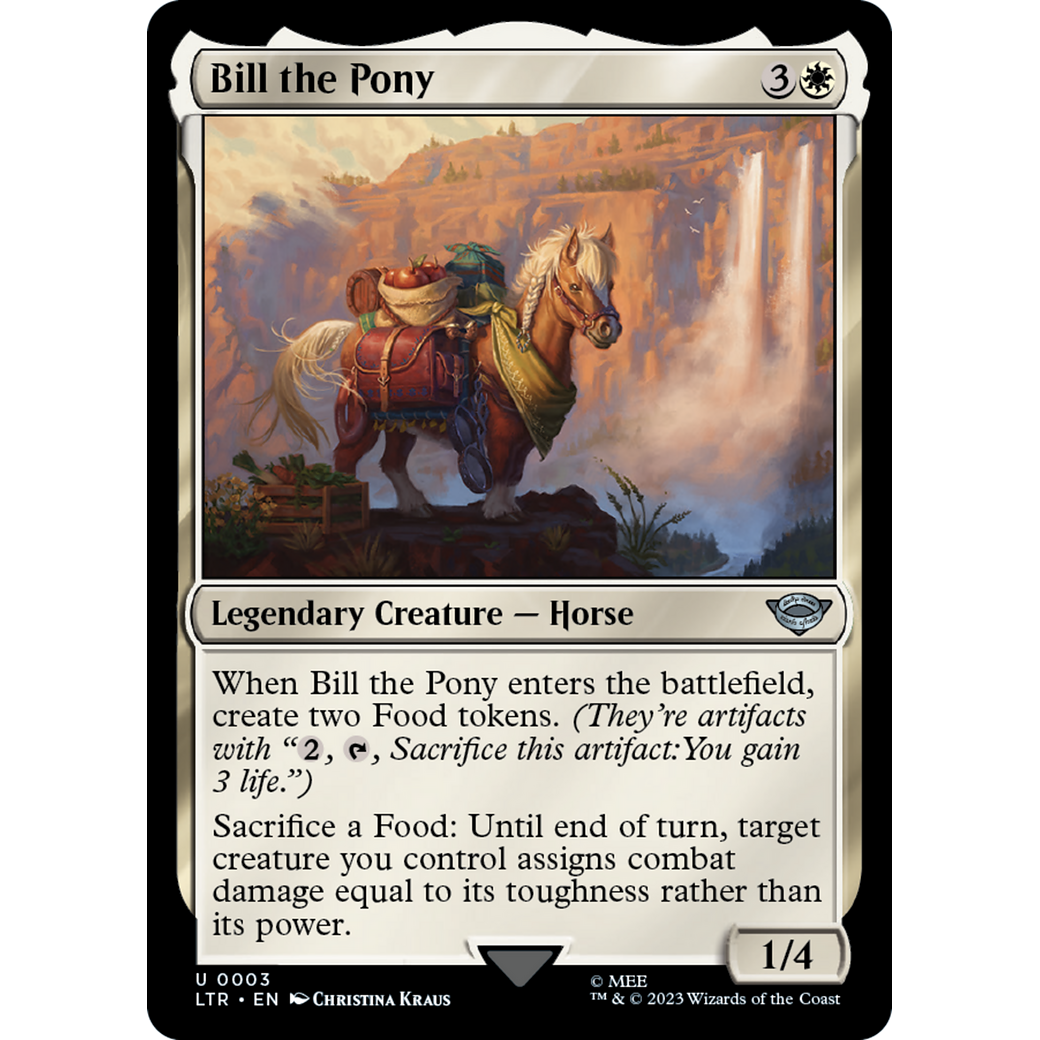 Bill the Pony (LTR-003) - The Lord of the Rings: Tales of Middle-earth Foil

* * * * * * * * *

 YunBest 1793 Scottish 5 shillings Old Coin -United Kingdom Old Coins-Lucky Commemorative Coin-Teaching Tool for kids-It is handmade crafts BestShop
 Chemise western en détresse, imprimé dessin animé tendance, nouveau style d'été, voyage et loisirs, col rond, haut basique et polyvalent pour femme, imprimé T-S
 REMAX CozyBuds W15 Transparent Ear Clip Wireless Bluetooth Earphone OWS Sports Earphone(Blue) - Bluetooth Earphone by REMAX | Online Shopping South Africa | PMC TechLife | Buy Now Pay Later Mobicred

* * * * * * * * *

Could you repeat exactly the lines above from the line with "Chemise western en" up to and including the line with "REMAX CozyBuds W15", and only those?

 Chemise western en détresse, imprimé dessin animé tendance, nouveau style d'été, voyage et loisirs, col rond, haut basique et polyvalent pour femme, imprimé T-S
 REMAX CozyBuds W15 Transparent Ear Clip Wireless Bluetooth Earphone OWS Sports Earphone(Blue) - Bluetooth Earphone by REMAX | Online Shopping South Africa | PMC TechLife | Buy Now Pay Later Mobicred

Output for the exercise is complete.